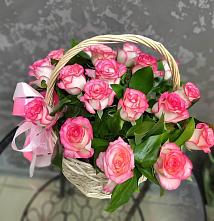 Цветочная композиция из Розы в корзине #REPLACE_PRED# Новоаннинске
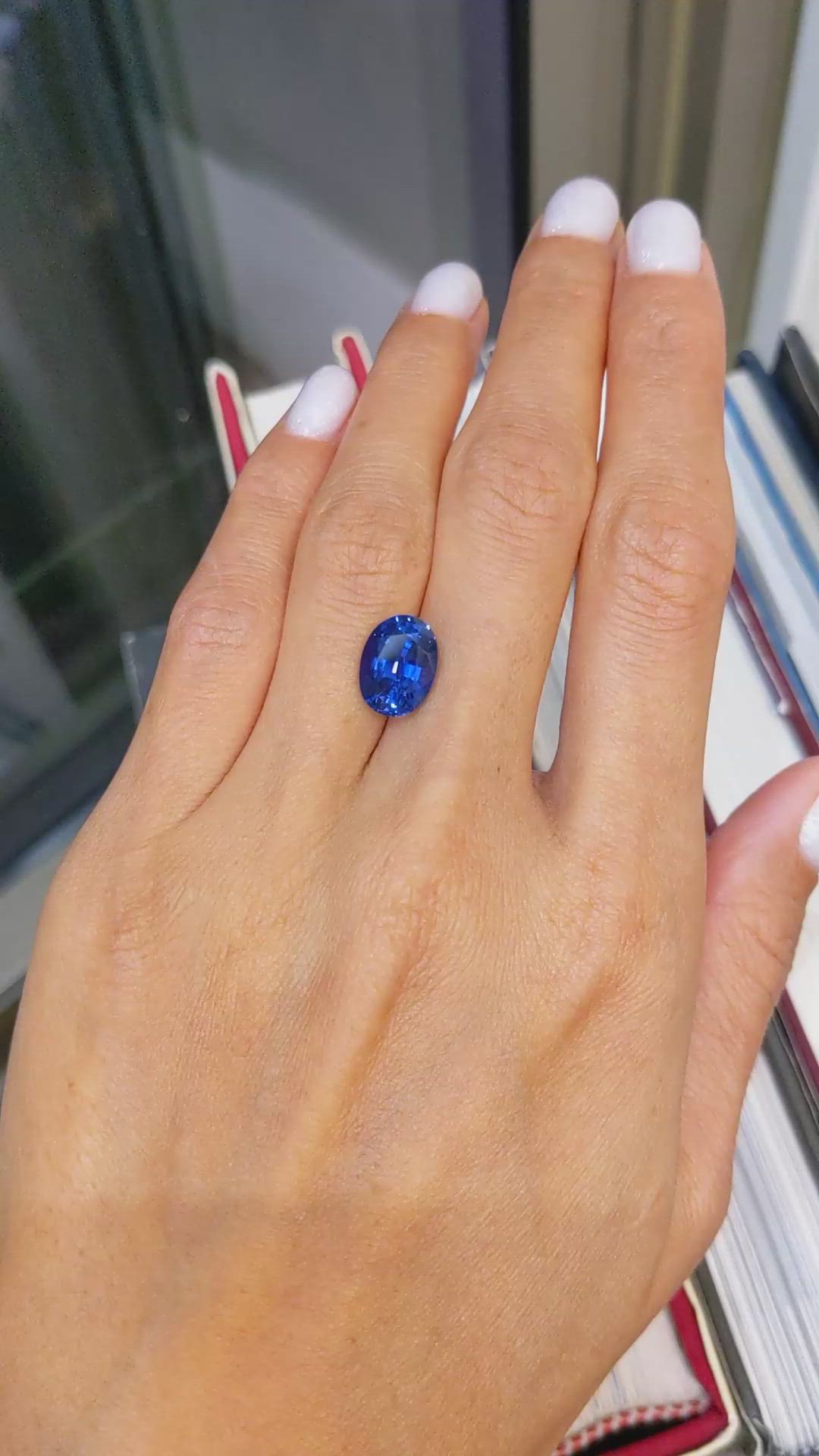 4.61 Ct. Color Change Sapphire from Ceylon (Sri Lanka) Size Video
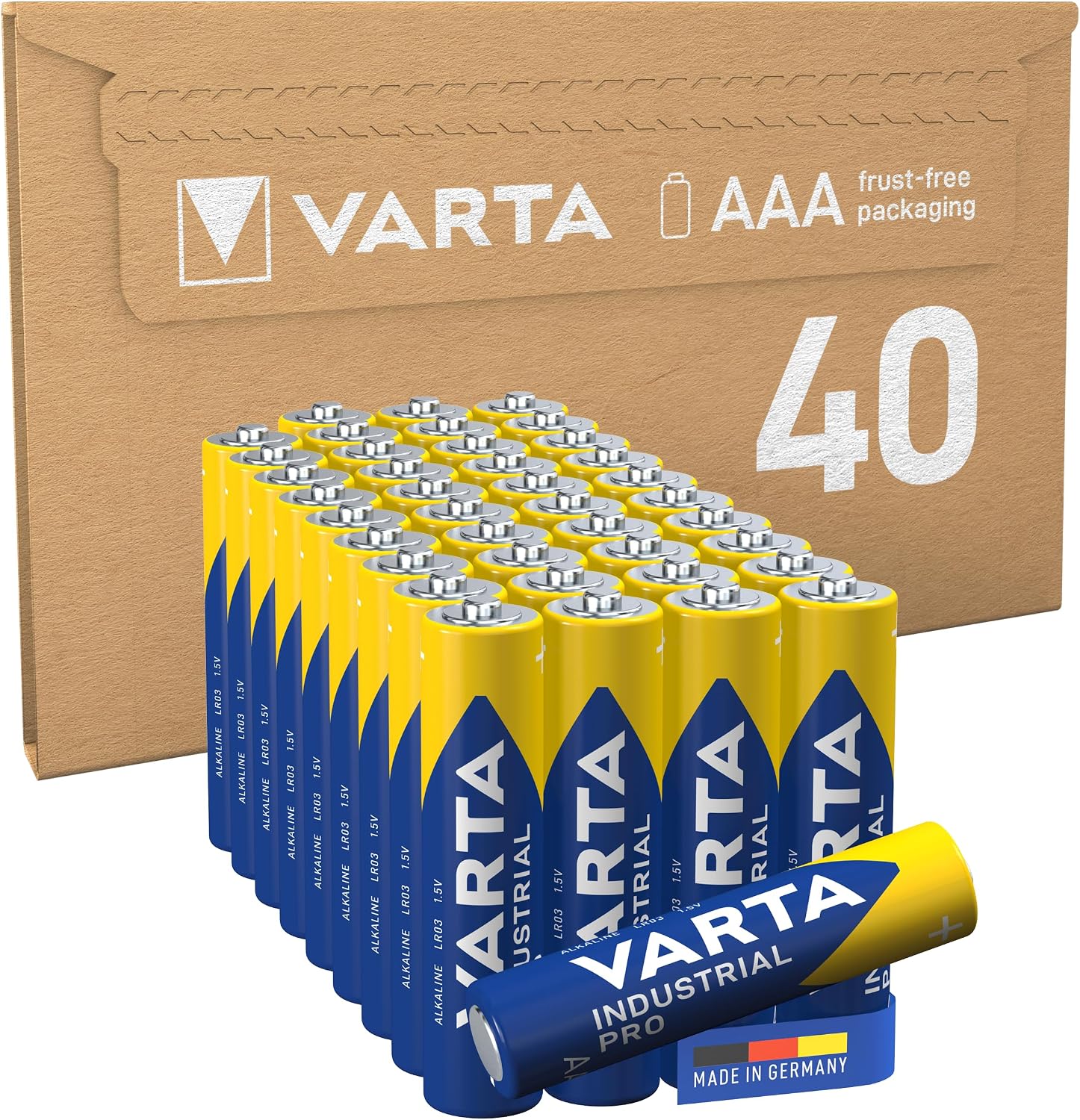 Prise en Main & Utilisation au Quotidien : VARTA Pilas AAA paquete de 40 Industrial Pro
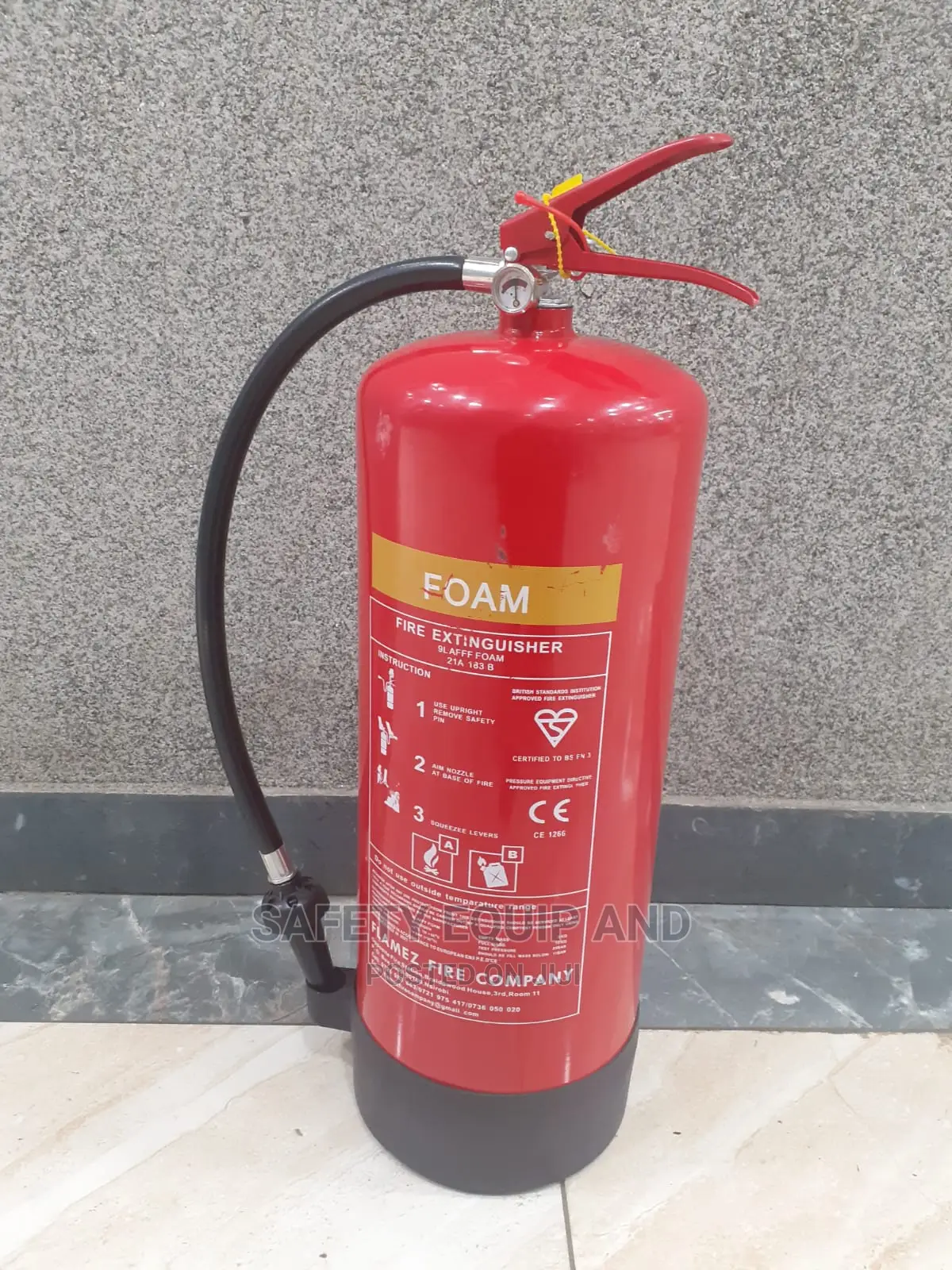 9kg Form ( Fire Extinguisher )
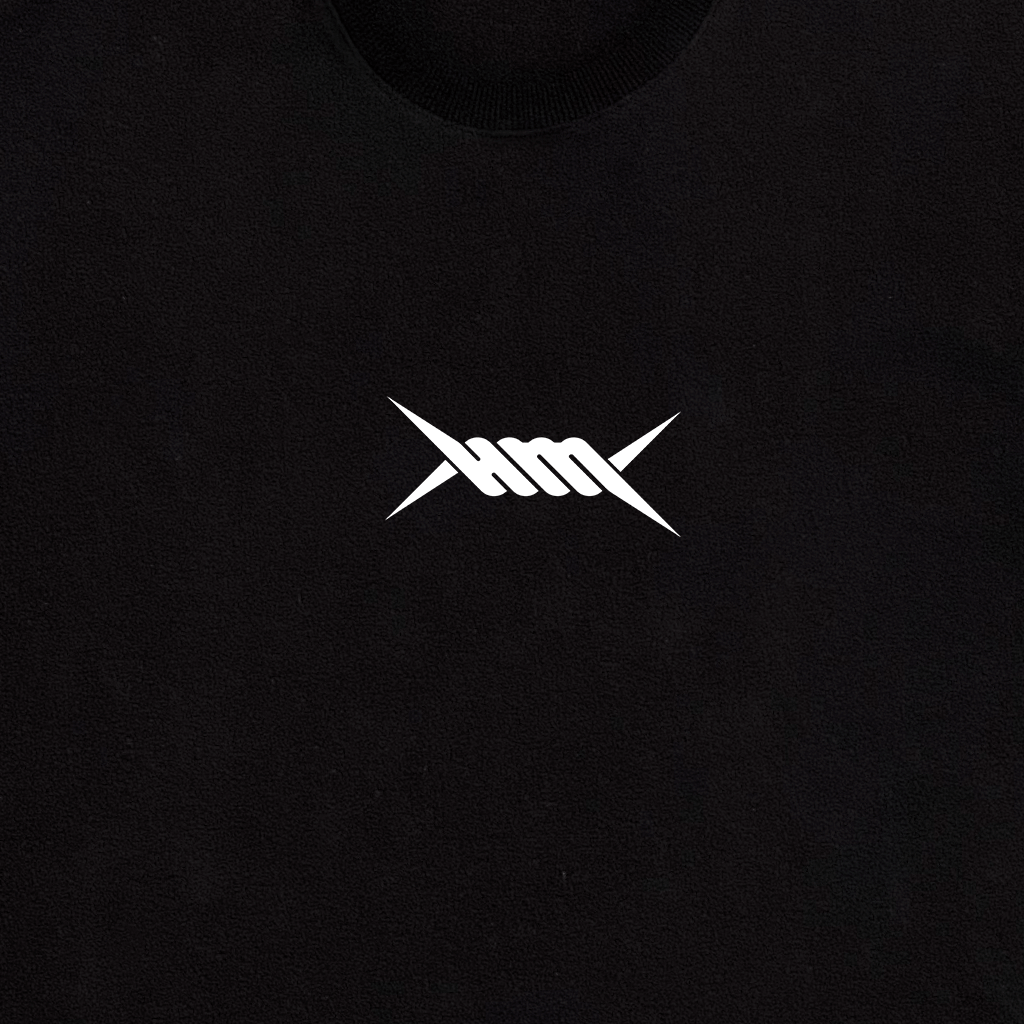 HM Logo Black Tee Hoodie, Sweatshirt | CoreVibeTees.com (Image 2)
★ ★ ★ ★
» **Work order**:
Excluding the pictures, retype the line containing "4.61 Ct. Color" and all lines after it down to the end of the data above.

» **Result of this task**:
 4.61 Ct. Color Change Sapphire from Ceylon (Sri Lanka) Size Video
 Prise en Main & Utilisation au Quotidien : VARTA Pilas AAA paquete de 40 Industrial Pro
 9kg Form ( Fire Extinguisher )
 HM Logo Black Tee Hoodie, Sweatshirt | CoreVibeTees.com (Image 2)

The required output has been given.